(Work request) Entries follow. Give back exactly the lines starting at the one containing "פריז Hotel Du Vieux Saule מראה חיצוני תמונה" and ending at the one containing "MIDODRINE HYDROCHLORIDE 5 MG", and no other lines.

:: Recorded data ::

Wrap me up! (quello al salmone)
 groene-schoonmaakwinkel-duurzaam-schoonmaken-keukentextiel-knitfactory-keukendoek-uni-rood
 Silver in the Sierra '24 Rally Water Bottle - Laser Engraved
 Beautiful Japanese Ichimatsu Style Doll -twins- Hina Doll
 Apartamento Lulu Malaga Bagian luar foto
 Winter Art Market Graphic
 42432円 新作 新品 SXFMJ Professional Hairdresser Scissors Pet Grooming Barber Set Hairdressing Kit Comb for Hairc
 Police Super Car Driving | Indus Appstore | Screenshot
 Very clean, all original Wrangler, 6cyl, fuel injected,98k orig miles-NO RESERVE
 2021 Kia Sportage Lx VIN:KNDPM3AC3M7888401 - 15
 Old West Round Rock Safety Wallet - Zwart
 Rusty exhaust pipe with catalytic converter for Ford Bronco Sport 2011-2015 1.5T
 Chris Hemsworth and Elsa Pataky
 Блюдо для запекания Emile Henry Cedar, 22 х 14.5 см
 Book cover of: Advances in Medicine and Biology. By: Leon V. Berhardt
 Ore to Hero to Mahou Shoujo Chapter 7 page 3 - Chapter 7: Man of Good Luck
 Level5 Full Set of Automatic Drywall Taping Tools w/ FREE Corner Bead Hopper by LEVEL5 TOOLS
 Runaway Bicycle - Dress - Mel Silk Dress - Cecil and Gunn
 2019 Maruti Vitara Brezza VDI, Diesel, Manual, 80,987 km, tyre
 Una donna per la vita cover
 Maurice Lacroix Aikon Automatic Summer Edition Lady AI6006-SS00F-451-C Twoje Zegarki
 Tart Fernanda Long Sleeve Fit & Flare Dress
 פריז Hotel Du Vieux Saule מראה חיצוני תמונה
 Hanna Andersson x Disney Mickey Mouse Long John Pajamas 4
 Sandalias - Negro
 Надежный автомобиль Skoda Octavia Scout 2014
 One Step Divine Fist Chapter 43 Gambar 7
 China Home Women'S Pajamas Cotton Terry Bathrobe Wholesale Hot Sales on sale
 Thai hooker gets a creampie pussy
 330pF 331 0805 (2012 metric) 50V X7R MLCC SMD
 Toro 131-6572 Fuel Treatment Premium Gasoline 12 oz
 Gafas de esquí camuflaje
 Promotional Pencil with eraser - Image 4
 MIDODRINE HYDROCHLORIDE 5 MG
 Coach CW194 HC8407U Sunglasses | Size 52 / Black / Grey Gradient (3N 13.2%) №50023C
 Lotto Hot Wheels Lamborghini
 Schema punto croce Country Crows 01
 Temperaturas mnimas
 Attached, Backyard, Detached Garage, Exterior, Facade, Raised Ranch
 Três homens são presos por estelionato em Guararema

:::

(Task solution)
 פריז Hotel Du Vieux Saule מראה חיצוני תמונה
 Hanna Andersson x Disney Mickey Mouse Long John Pajamas 4
 Sandalias - Negro
 Надежный автомобиль Skoda Octavia Scout 2014
 One Step Divine Fist Chapter 43 Gambar 7
 China Home Women'S Pajamas Cotton Terry Bathrobe Wholesale Hot Sales on sale
 Thai hooker gets a creampie pussy
 330pF 331 0805 (2012 metric) 50V X7R MLCC SMD
 Toro 131-6572 Fuel Treatment Premium Gasoline 12 oz
 Gafas de esquí camuflaje
 Promotional Pencil with eraser - Image 4
 MIDODRINE HYDROCHLORIDE 5 MG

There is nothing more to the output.